Short descriptive text snippets:

____________________

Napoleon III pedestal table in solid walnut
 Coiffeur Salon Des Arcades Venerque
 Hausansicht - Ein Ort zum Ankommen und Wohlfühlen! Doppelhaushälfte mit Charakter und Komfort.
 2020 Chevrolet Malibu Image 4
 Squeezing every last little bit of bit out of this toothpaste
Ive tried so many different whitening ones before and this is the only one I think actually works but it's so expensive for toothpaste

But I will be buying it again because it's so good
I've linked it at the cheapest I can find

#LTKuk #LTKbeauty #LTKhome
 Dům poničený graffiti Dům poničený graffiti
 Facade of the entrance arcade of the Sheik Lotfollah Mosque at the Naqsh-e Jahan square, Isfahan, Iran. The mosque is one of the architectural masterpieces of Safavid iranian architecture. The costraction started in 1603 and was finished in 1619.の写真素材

____________________

AIM OF THE EXERCISE: Could every entry above be printed again, word for word?

SOLUTION TO THIS EXERCISE:
Napoleon III pedestal table in solid walnut
 Coiffeur Salon Des Arcades Venerque
 Hausansicht - Ein Ort zum Ankommen und Wohlfühlen! Doppelhaushälfte mit Charakter und Komfort.
 2020 Chevrolet Malibu Image 4
 Squeezing every last little bit of bit out of this toothpaste
Ive tried so many different whitening ones before and this is the only one I think actually works but it's so expensive for toothpaste

But I will be buying it again because it's so good
I've linked it at the cheapest I can find

#LTKuk #LTKbeauty #LTKhome
 Dům poničený graffiti Dům poničený graffiti
 Facade of the entrance arcade of the Sheik Lotfollah Mosque at the Naqsh-e Jahan square, Isfahan, Iran. The mosque is one of the architectural masterpieces of Safavid iranian architecture. The costraction started in 1603 and was finished in 1619.の写真素材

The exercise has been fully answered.